Mi concentro sull’Italia. Traendo insegnamento dalla mia esperienza di vita e lavoro negli Stati Uniti, cerco di isolare dei fattori culturali che, a mio avviso, penalizzano il paese in un mondo di competizione economica globale. Penso a quello che la globalizzazione economica richiede alla aziende, e lo comparo (versus) con quello che sembra essere il modello italiano predominante:
- grande scala (versus: piccola scala o scala artigianale)
- innovazione a tutti i costi (versus: salvaguardia delle rendite acquisite e di posizione)
- controllo distribuito, da parte dei numerosi “stakeholders” coinvolti nell’impresa (versus: controllo accentrato, famigliare e padronale)
- standardizzazione dei prodotti, dei servizi e dei rapporti umani (versus: originalita’, artigianalita’ e spontaneita’ nei rapporti umani)
- massimizzazione degli obiettivi e del profitto (versus: soddisfazione nel processo di lavoro e nel profitto)
- attenzione all’analisi dei dati e al metodo scientifico nella presa di decisioni (versus: enfasi sull’intuizione)
- orientamento alla mobilita' professionale (versus: orientamento alla sicurezza professionale e alle posizioni a lungo termine)
- globalismo tout-court, enfasi su valori apparentemente universali (versus: attaccamento e amore verso la propria terra, enfasi su peculiarita’ culturali)
Traendo la somme sembra che l’“anima” della globalizzazione sia scientifico-tecnologica, un’emanazione diretta della cultura americana statunitense, mentre l’“anima” dell’Italia sia umanistica. Certo, si tratta di una generalizzazione verso gli estremi, valida probabilmente solo per parte dei casi aziendali e comunque in tante sfumature di grigio piuttosto che in bianco o in nero.
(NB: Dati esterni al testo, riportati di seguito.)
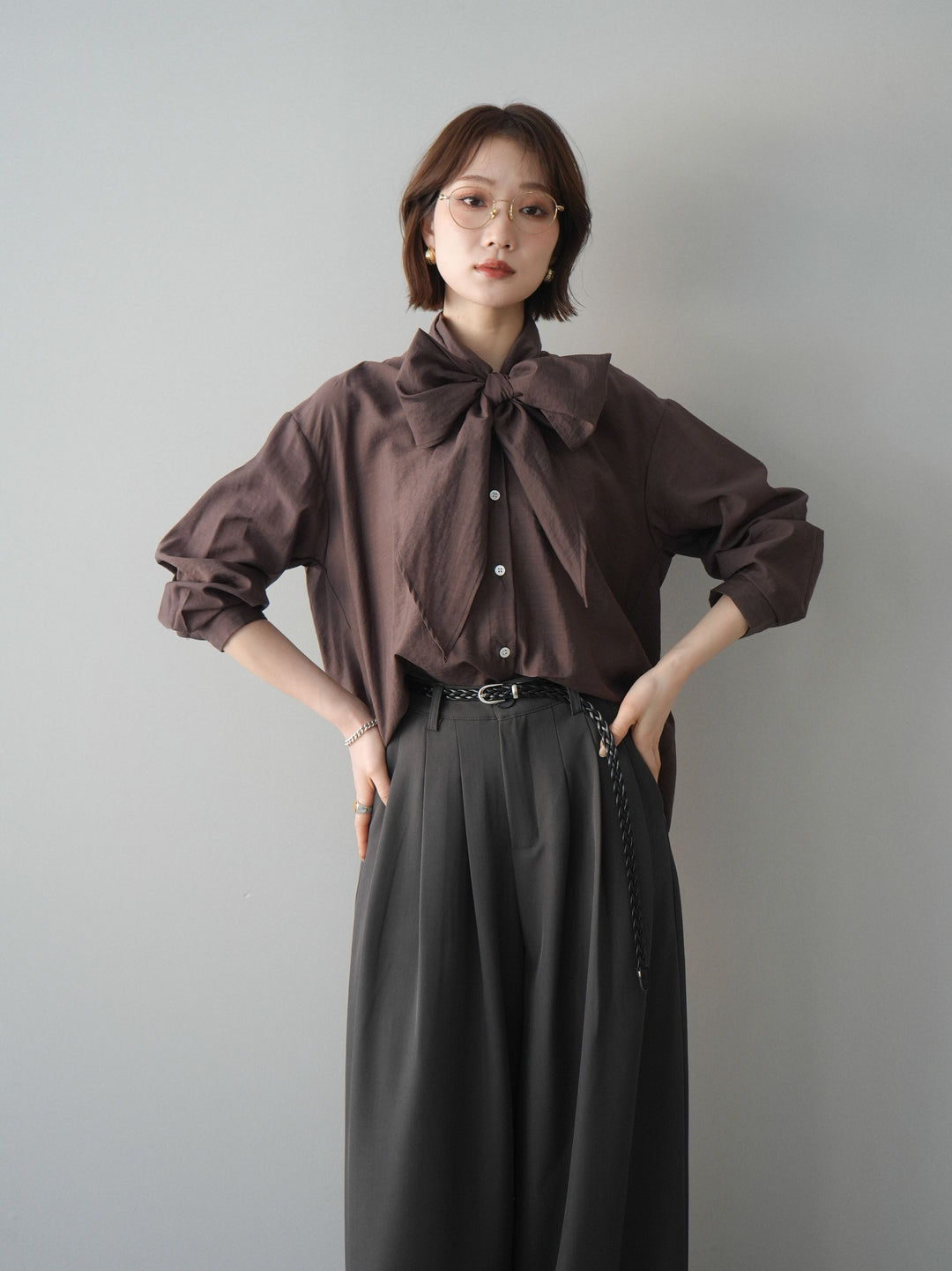 [予約]シアーボウタイブラウス/brown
Nonostante tutto, comprendere la realta’ dei fatti considerando anche ragioni culturali profonde di questo tipo aiuta ad accettarla.
E’ vero, non e’ il momento economico migliore per l’Italia e molte nostre imprese potrebbero essere travolte dall’onda d’urto della globalizzazione. E’ anche vero pero’ che non dobbiamo necessariamente vergognarcene, e sicuramente abbiamo ancora qualcosa di interessante da dire. Al contrario, la presa di coscienza della nostra estrazione culturale e storica puo’ essere di ispirazione per il futuro. Al riguardo, lavorando in settori hi-tech connessi alle metropoli globali, mi sono presto reso conto come lo sviluppo urbano di oggi – la produzione “di massa” di citta’ futuristiche di grattacieli e quartieri residenziali preconfezionati – palesi spesso un’assenza clamorosa di originalita’, raffinatezza estetica e dimensione umana di cui molti di noi italiani sono maestri. Come e’ possibile che il mondo odierno non sappia piu’ produrre le Firenze e le Urbino? Dove sono gli italiani di cui il mondo avrebbe cosi’ disperatamente bisogno?
In conclusione rifletto sul ruolo pernicioso giocato dalla stampa e dai mezzi di comunicazione italiani, quanto a presa di coscienza di potenziale positivo e approccio costruttivo. Per molte ragioni e cavalcando il declino della classe politica, i principali media italiani a tutt’oggi sembrano fare a gara a premiare il “peggio” e i “peggiori”, portandoli in prima pagina e dandogli spazio, a discapito di tutto quello che di positivo esprime il paese. I media avrebbero l’opportunita’ di aiutarci a capire da dove arriviamo e cosa potremmo fare, mentre purtroppo al momento fomentano ed esaltano le nostre paure. A volte finiscono per diventare caricatura di quell’Italia che si piange addosso e si lamenta di tutto. Spesso noi italiani sottovalutiamo l’importanza della conoscenza e della comunicazione, piuttosto che dell’onnipresente politica, quali leve virtuose per cambiare le cose. Ma e’ forse inevitabile imparare a capire ed accettare chi siamo per ricostruirci la meritata rotta verso il futuro?